Cammarano, 43, was diagnosed with breast cancer in August 2008 and completed her treatment one year later. She will be celebrating her fourth year of remission this August and was selected to Sunday's honor through fan votes cast online and by a guest judging panel that includes MLB Players and celebrities.
"This is the most exciting part of my Mother's Day," said a smiling Cammarano, as her husband snapped photos and videotaped her on-field opportunity. "It's exciting being a mom, but I'm going to be on the field for the White Sox game.
"It humbles me to think that a club as large as the White Sox are involved, and obviously I can tell from the players, they really genuinely care. I had one of the players share with me that his grandmother is a cancer survivor and how that has affected him, and how he thinks about his wife and has a two-year old son.
"All of it is so totally on their radar not even two hours before they are going out on the field," Cammarano said. "That to me is an incredible thing."
White Sox players such as Chris Sale, Gavin Floyd and Alex Rios were just a few of the many who greeted Cammarano and then took pictures and signed autographs for her and her family. Cammarano was nominated for this honor by her friend, Tasha, who also is a breast cancer survivor, as is her friend, Adrienne, with both of them accompanying her Sunday.
Part of Cammarano's work since diagnosis has been with the Young Survival Coalition, designed for women under 45. She has participated in different Komen and Avon walks, but her primary contribution has been in her own community, where Cammarano organizes support groups.
Once per week, these groups get together for dinner and help the newly diagnosed women. Cammarano also works with Immerman's Angels, and mentored three women going through similar diagnoses just this last month.
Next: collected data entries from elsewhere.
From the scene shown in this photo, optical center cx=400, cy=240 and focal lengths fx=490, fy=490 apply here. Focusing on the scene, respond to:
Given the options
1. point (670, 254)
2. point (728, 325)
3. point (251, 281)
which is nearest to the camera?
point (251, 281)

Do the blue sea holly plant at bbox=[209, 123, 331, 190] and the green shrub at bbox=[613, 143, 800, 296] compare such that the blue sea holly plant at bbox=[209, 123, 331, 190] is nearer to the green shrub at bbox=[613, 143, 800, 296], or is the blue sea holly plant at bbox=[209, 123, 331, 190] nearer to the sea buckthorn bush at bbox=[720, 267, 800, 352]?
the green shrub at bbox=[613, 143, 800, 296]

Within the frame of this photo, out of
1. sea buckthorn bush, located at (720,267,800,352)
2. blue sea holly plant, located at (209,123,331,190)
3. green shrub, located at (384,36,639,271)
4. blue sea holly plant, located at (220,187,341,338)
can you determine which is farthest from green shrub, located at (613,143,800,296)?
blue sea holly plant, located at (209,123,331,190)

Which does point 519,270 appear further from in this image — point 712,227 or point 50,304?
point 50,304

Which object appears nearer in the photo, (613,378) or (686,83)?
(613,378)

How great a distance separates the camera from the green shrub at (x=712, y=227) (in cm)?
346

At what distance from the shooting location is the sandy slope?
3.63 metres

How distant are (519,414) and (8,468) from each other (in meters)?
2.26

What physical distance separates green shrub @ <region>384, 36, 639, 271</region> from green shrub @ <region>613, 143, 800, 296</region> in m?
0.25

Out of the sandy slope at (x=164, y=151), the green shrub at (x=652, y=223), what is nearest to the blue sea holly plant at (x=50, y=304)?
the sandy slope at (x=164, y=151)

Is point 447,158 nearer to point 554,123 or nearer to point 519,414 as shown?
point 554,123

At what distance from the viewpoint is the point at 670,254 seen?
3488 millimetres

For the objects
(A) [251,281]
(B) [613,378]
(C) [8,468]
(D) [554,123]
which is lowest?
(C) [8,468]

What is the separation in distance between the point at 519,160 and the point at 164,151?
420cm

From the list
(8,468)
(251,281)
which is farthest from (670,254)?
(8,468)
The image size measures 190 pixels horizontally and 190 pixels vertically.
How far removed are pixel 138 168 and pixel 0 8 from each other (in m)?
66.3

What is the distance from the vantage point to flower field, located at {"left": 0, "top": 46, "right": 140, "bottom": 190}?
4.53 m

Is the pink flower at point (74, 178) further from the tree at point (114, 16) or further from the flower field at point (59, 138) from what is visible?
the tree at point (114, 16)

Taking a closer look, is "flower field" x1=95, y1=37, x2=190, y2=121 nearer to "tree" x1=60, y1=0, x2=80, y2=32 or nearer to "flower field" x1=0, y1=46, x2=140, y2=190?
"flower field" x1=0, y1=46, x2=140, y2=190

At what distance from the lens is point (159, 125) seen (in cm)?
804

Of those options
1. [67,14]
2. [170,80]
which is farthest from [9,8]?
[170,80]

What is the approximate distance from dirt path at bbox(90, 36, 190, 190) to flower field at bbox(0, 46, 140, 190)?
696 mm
There was no family history of breast cancer for Cammarano, and her doctor labeled her as the least likely person he would have ever imagined to be diagnosed with such a disease. She actually found her own lump, but it wasn't until her mother dragged her to the doctor three weeks later that she was examined.
"I was like, 'I'm not old enough to have this,'" Cammarano said. "I like to tell people breast cancer, it's not your grandma's disease anymore. The doctors aren't even catching up with it now. It's a newer thing in our generation. I couldn't have been more shocked. My doctors couldn't have been more shocked either."
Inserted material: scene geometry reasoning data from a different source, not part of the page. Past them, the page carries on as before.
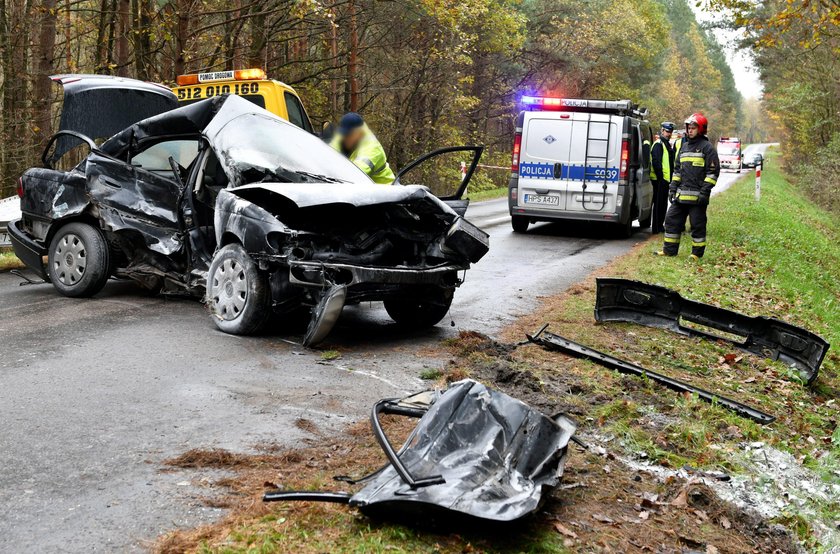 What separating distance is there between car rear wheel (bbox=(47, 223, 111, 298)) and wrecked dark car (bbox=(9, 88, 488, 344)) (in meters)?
0.01

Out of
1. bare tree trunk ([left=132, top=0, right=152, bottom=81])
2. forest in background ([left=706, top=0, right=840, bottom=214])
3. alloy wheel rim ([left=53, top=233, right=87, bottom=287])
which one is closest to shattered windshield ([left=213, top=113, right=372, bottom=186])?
alloy wheel rim ([left=53, top=233, right=87, bottom=287])

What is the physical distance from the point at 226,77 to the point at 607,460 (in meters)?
9.30

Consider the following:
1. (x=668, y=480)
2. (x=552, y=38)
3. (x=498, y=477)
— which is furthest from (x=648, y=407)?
(x=552, y=38)

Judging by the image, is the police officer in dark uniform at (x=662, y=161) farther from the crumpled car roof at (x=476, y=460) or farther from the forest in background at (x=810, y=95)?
Answer: the crumpled car roof at (x=476, y=460)

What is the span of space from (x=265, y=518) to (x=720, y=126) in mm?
115366

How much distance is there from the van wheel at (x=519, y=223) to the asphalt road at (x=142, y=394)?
22.6ft

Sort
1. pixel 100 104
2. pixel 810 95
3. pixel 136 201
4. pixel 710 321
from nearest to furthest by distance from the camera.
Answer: pixel 710 321, pixel 136 201, pixel 100 104, pixel 810 95

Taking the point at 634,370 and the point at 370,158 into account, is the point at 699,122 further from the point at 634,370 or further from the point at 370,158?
the point at 634,370

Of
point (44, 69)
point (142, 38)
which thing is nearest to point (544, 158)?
point (142, 38)

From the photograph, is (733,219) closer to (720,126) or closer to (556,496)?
(556,496)

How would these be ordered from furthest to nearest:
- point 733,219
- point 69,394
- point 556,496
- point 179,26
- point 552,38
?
point 552,38, point 733,219, point 179,26, point 69,394, point 556,496

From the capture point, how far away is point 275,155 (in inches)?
292

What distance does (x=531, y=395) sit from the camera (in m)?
5.44

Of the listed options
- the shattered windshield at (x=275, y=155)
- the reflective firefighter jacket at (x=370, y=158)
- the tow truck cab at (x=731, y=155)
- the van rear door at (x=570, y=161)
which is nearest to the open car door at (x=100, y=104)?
the reflective firefighter jacket at (x=370, y=158) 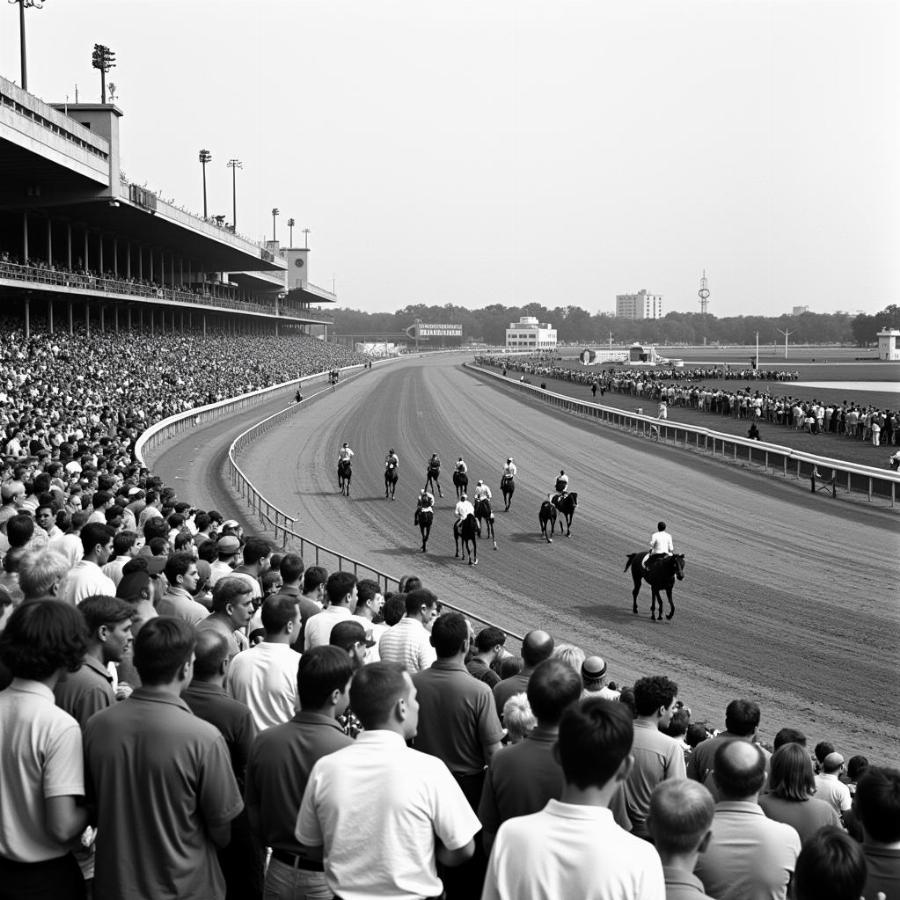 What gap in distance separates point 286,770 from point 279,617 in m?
1.28

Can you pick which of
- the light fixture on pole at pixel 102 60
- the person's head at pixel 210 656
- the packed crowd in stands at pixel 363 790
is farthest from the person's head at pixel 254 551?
the light fixture on pole at pixel 102 60

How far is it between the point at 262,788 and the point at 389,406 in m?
47.1

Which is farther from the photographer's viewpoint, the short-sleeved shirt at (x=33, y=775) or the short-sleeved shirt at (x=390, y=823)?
the short-sleeved shirt at (x=33, y=775)

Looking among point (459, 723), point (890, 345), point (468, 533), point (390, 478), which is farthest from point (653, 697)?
point (890, 345)

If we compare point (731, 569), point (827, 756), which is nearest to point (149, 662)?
point (827, 756)

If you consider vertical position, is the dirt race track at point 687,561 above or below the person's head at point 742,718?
below

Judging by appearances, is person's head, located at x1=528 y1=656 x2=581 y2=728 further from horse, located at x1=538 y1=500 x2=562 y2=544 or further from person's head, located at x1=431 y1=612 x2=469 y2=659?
horse, located at x1=538 y1=500 x2=562 y2=544

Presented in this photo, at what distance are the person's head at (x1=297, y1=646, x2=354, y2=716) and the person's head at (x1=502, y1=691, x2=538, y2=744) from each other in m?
1.04

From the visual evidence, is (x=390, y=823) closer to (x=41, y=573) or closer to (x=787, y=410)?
(x=41, y=573)

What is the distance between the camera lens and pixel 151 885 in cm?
330

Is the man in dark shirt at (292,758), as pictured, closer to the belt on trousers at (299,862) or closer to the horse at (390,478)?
the belt on trousers at (299,862)

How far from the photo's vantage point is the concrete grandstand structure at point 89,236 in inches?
1305

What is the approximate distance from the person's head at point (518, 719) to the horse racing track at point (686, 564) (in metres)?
6.45

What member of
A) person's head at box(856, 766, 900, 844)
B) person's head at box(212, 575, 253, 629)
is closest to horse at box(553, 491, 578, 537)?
person's head at box(212, 575, 253, 629)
Four years later, Cammarano is healthy, happy and celebrating with the White Sox.
"I'm really happy, and I like to tell people that I don't ever consider cancer a gift because I would never give it to anyone," Cammarano said. "However, I can say that I have gotten a lot out of it. It expanded my horizons.
"I've learned to live more fully and appreciate that what I sometimes think of as a bad day is not a bad day in the scheme of cancer. It really has changed me as a person in a good way."